### The data
____________
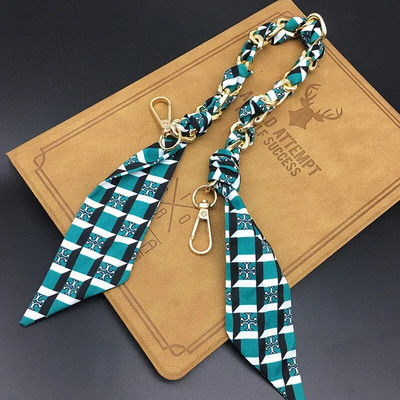 Zīda Šalle Lente Rokassomu Aksesuāri Ķēde Mode Šalle Metāla Ķēdes Rokturis Somas dekors Bow Daudzfunkcionāla Lente Rokassomas siksna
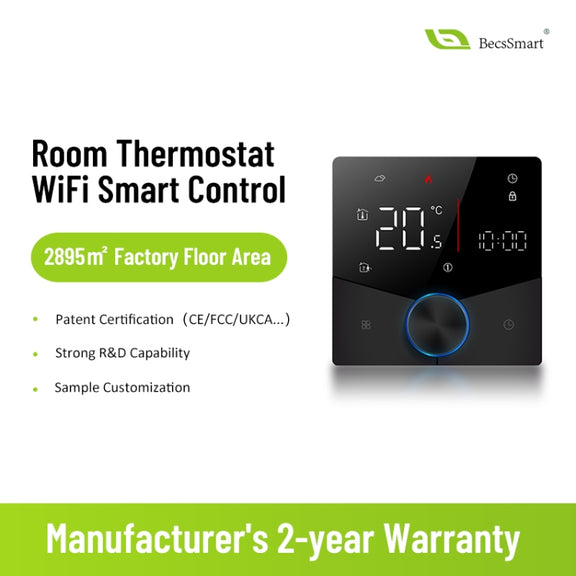 BHT-009GCLW Boiler Heating WiFi Smart Home LED Thermostat(Black)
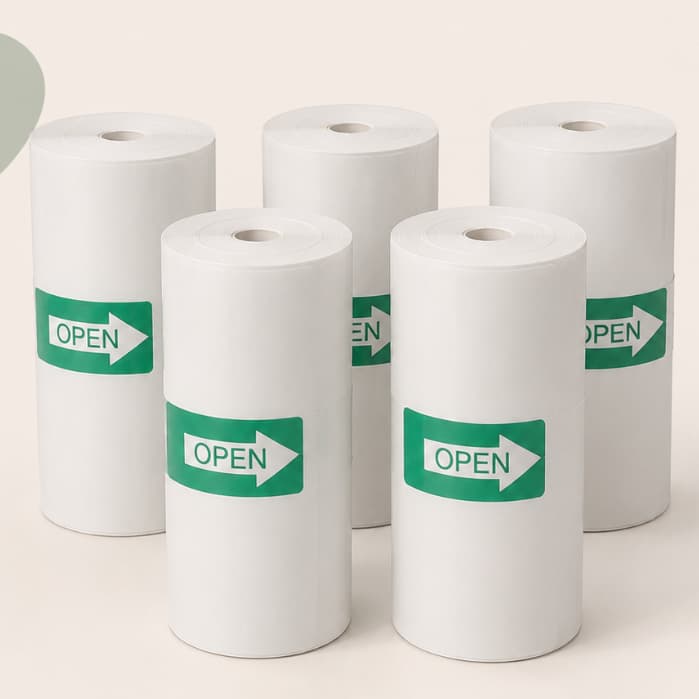 Kit 5 Bobina Etiqueta Térmica Adesiva 5,5cmx5m Branco Rolo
____________
### Exercise aim
Images should not appear in the copy; retype the listing above exactly.

### Worked solution
 Zīda Šalle Lente Rokassomu Aksesuāri Ķēde Mode Šalle Metāla Ķēdes Rokturis Somas dekors Bow Daudzfunkcionāla Lente Rokassomas siksna
 BHT-009GCLW Boiler Heating WiFi Smart Home LED Thermostat(Black)
 Kit 5 Bobina Etiqueta Térmica Adesiva 5,5cmx5m Branco Rolo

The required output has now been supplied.